On croise plusieurs autres et fortes personnalités dans le film de Gonseth, comme les chirurgiens Max Récamier et Pascal Grellety-Bosviel qui créeront plus tard, après leur rupture avec le CICR, le mouvement Médecins Sans Frontières. Carlos Bauverd (successeur d’André Rochat) livre, de son côté, avec une lucidité teintée d’ironie, une série de clés sur la mission du CICR au Proche-Orient. D’autres collaborateurs apparaissent encore, comme Jean-Paul Hermann, responsable en Arabie saoudite des bases médicales arrières de la mission suisse.

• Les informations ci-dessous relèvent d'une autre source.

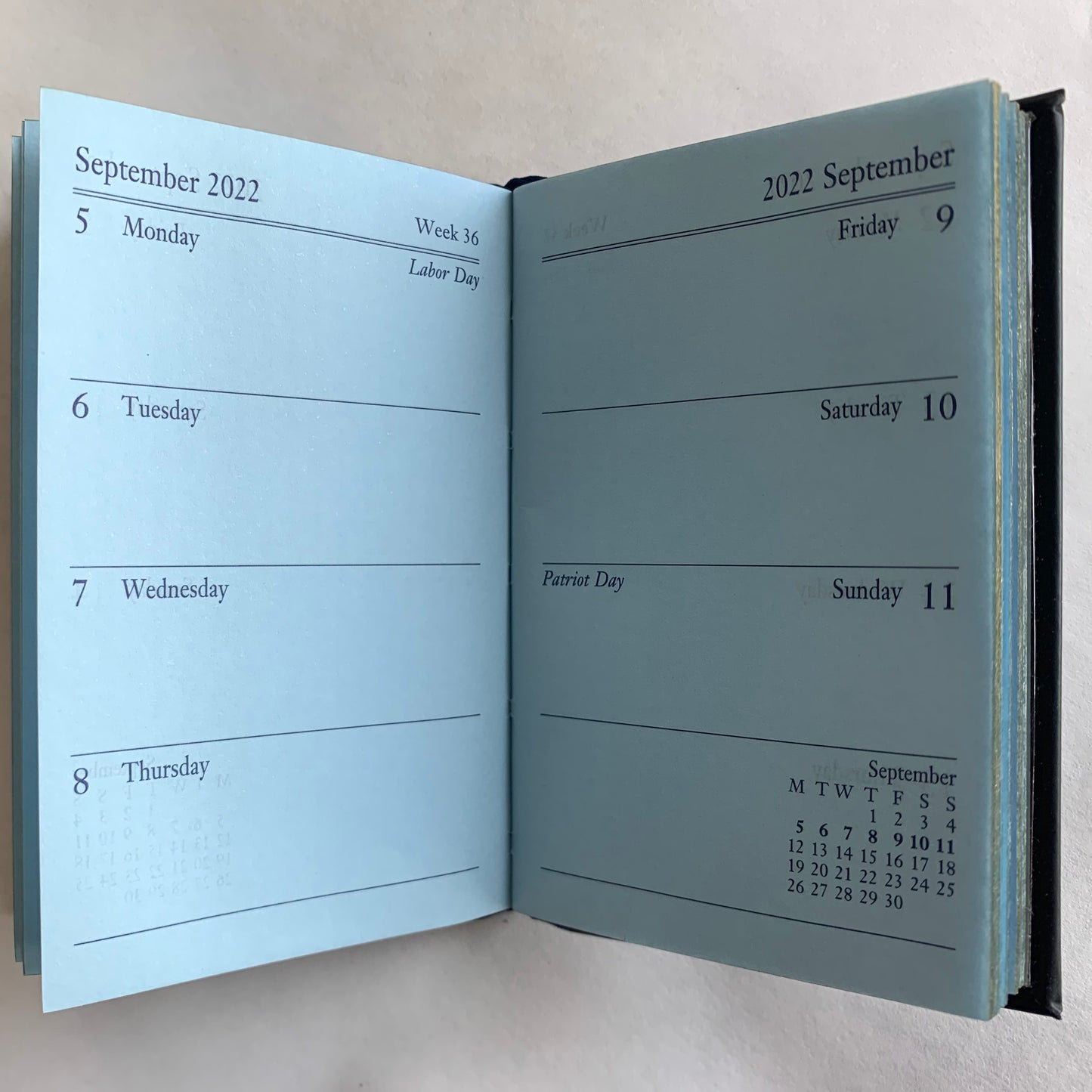 YEAR 2022 CALF Leather Pocket Agenda Book | 4 by 2.5" | D742C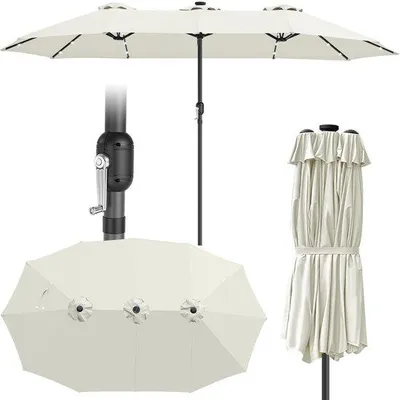 Zdjęcie produktu dla Parasol z oświetleniem LED – szeroki parasol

On ajoutera que CITADELLE HUMANITAIRE est aussi un récit rempli de décors fabuleux, de couleurs étonnantes, de paysages montagneux et désertiques surprenants. Le cinéaste a réussi à confronter le passé et le présent, juxtaposant souvent les images d’archives et les versions contemporaines des mêmes lieux, des mêmes gens. Au-delà du plaisir des yeux et de la richesse de ce document historique, le film reste une réflexion très actuelle sur les rapports entre Occident et Moyen-Orient, sur le sort des prisonniers lors des conflits (des Yéménites sont emprisonnés aujourd’hui à Guantanamo…), sur les forces politiques qui s’affrontent - le Yémen s’est unifié en 1990, mais les tensions internes persistent - et sur l’efficacité des premières missions humanitaires, il y a près d’un demi-siècle.